The pathophysiology of the placebo response, which has only recently begun to be elucidated, is probably dependent upon several modulating systems, including the endogenous opioid, dopaminergic and limbic systems (22, 23). Much recent work in this field has focused on the endogenous opioid system. Animal and human studies have shown that naloxone, an opioid receptor antagonist, can partially or completely inhibit the placebo response (24–27). A positron emission tomography (PET) study comparing brain activation patterns after opioid injection with patterns after placebo injection has shown that the same regions of the brain were activated after both (28). Activation occurred in the rostral anterior cingulate cortex, the periaqueductal grey and pons. These brain structures have high opioid receptor densities and are involved in the descending inhibitory pain system (29). High PRs had greater activation of the rostral anterior cingulate cortex after opioid injection than low PRs. This may reflect genetic variances in µ-opioid receptor expression (30). This suggests that the responsiveness of the opioid system might be a predictor of not only the response to exogenous opioid administration but also placebo response in pain studies. In another study, opioid receptor activity was directly measured by using a combination of molecular imaging with a µ-opioid receptor radiotracer in combination with PET (31). Placebo-induced analgesia was shown to increase µ-opioid receptor transmission in the left dorsolateral prefrontal cortex, rostral anterior cingulate cortex, anterior insula and nucleus accumbens. Such changes correlated with a decrease in perceived pain or the expectation of analgesia. These data provide direct evidence of a link between opioid receptor activity and placebo-induced analgesia. Although there are no data to suggest that these findings would not apply to people with migraine, similar experiments have not yet been replicated in this specific patient group.

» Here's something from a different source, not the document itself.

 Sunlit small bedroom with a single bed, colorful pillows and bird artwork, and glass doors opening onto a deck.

Opioid use was associated with placebo response in this study. Our assumption is that subjects using opioids were those who received some benefit from their use. Subjects with greater response to exogenous opioids may be more likely to benefit from placebo injections secondary to endogenous opioid release. This hypothesis is supported by prior studies showing higher placebo response rates in subjects pretreated with opioids (32, 33). The finding in this study that prior or current opioid use may be associated with a significant reduction in the frequency or severity of painful attacks as a result of placebo injections supports the overwhelming experimental, clinical and functional imaging data implicating the endogenous opioid system as an important mediator of placebo analgesia. In addition, if this observation is validated, it may be necessary to exclude or control for subjects who are strong responders to opioids in clinical trials in order to minimize the placebo response.

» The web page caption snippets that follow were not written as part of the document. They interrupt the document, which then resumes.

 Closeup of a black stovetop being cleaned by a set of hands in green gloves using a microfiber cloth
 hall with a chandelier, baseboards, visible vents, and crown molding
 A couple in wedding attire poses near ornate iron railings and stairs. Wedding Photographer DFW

Male gender was also associated with placebo response. Sex differences in the antinociceptive effects of opioids have been observed in both primates and rodents, with males being generally more sensitive than females (34, 35). While the basis for this difference in opioid responsiveness is not entirely clear, there is ample evidence indicating that pharmacokinetic and pharmacodynamic factors cannot completely account for these differences, as µ-opioids are more potent in males despite comparable brain and plasma levels of morphine after systemic administration in males and females (34). Therefore, the results of this study, demonstrating that male sex may predict a prophylactic response to placebo, is in keeping with an emerging body of evidence which suggests that opioid analgesia is more robust in males. This, of course, should have implications for future clinical trials in migraine and other types of pain, as suggested by others (36).

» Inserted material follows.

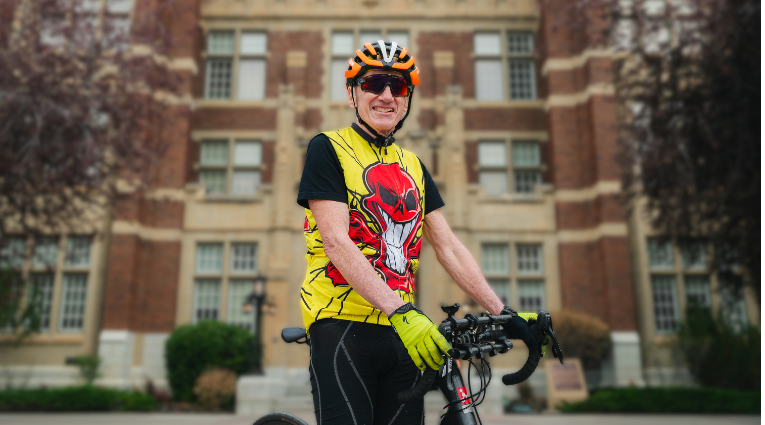 Mature male in bicycle gear in front of a building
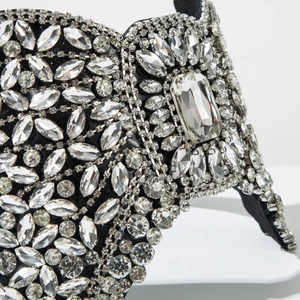 Macro shot of luxury bow headband featuring emerald-cut crystals and premium rhinestones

Finally, a higher number of injections due to inclusion of the neck and/or shoulders was associated with an increased frequency of placebo response. It is unclear if the association with placebo response is due to the increased number of injections or to the addition of injections specifically into the neck and/or shoulders. Although not tested, a greater number of injections may correlate with greater subject expectation of improvement. It has previously been noted that the more invasive a procedure, the greater the placebo response (37). This suggestion is supported by a recently published single-blind randomized controlled trial of arm pain which showed that a validated sham acupuncture device has a greater placebo effect on subjective outcomes than placebo pills (38). We hypothesize that a greater number of injections and, specifically, injections in the cervical paraspinal and trapezius muscles results in more subject discomfort. Higher pain levels would be expected to result in greater release of endogenous opioids, which may then lead to higher placebo response—‘More pain, more gain’.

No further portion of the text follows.